Leia também: "Candidatura é contraponto à onda reacionária"
Os movimentos sociais estavam muito contidos pela cooptação feita pelo PT. E junho destravou esse processo. Agora a gente entra numa nova etapa de construção de novas lideranças que possam dar continuidade a esse processo organizando de forma mais clara o programa para avançar mais ainda a conquista de direitos. E a minha tarefa como candidata do PSOL à presidência é ajudar a dar voz a essas demandas de junho e seguir insistindo para que elas tenham visibilidade e tenham cada vez mais força para poder conquistar.
Um dos resultados da Jornada de Junho foi a proposta do plebiscito pela reforma do sistema político, que foi sugerido pela Dilma. Essa proposta foi encampada por mais de 400 organizações sociais e partidos políticos, inclusive o PSOL. Por que o Brasil precisa de uma reforma política?
Na verdade, a Dilma usou essa ideia da constituinte como um subterfúgio naquele momento em que o povo estava nas ruas questionando o seu próprio governo. Ela não foi consequente na defesa dessa proposta, tanto é que ela abandonou logo depois que as mobilizações terminaram.
Então, os movimentos sociais tomaram essa bandeira como sua. Nós apoiamos essa ideia e achamos que fazer uma reforma política é fundamental, porque as instituições, tais quais como estão organizadas, não conseguem mais representar os interesses da população.

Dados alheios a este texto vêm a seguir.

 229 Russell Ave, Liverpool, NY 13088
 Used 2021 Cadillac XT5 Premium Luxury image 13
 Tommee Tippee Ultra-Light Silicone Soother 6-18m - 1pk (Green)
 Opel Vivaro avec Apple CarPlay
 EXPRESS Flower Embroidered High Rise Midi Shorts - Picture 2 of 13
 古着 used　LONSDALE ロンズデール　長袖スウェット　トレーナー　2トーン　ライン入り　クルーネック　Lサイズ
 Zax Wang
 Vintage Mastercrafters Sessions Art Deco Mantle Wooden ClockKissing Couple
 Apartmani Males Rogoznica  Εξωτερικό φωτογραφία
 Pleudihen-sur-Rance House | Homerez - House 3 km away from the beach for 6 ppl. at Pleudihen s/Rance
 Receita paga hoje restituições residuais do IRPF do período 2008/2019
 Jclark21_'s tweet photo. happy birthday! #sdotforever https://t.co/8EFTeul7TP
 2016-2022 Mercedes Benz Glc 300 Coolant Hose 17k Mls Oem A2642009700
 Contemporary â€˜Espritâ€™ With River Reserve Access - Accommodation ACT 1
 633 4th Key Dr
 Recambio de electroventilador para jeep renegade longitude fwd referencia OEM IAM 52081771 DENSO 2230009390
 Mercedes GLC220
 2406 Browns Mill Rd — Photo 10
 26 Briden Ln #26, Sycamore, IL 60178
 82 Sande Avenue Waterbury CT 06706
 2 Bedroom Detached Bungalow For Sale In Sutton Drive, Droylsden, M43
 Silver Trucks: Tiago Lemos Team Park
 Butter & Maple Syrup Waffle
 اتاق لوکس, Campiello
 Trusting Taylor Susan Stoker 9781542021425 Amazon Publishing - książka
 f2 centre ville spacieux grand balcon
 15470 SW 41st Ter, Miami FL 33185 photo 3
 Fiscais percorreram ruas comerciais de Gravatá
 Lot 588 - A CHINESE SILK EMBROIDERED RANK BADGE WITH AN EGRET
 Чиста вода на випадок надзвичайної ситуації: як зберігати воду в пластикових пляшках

Estão capturadas principalmente pelo poder econômico, que é quem financia as campanhas eleitorais de Aécio, Dilma e Marina.
Então, terminar com essa relação promíscua entre a iniciativa privada e os partidos é fundamental para que as eleições tenham um resultado mais próximo da vontade popular.
Nas eleições de 2010, a senhora deixou claro que apoiaria a candidatura da Marina Silva para a presidência com argumento de que "não teria outra alternativa se não quisesse cair no isolamento e perder grande quantidade do capital político que foi acumulado nos últimos anos". Que posição a senhora adotaria numa possível repetição daquele pleito, hoje?
Esta manifestação que tu estás citando fiz muito antes das eleições de 2010. Eu fiz quando a Marina rompeu com o PT e aparentemente estava rompendo pela esquerda. Acontece que, a partir daí, nós buscamos dialogar com a Marina e ela deixou muito claro que não queria se vincular com a esquerda socialista, porque a proposta dela era uma unidade do PT com o PSDB. Então, naquele momento, ela já deixou claro que a ruptura dela com o PT não era pela esquerda, mas inclusive pela direita, aproximando mais do PSDB.
Leia ainda: Por que votar em Luciana Genro (PSol)?
Por isso eu fui uma militante da campanha do Plínio de Arruda Sampaio em 2010, que foi o único candidato que representou a esquerda coerente nas eleições presidenciais. E agora, em 2014, esse perfil da Marina não só se confirmou como se aprofundou, já que ela abraçou bandeiras totalmente neoliberais, como foi o caso da independência do Banco Central.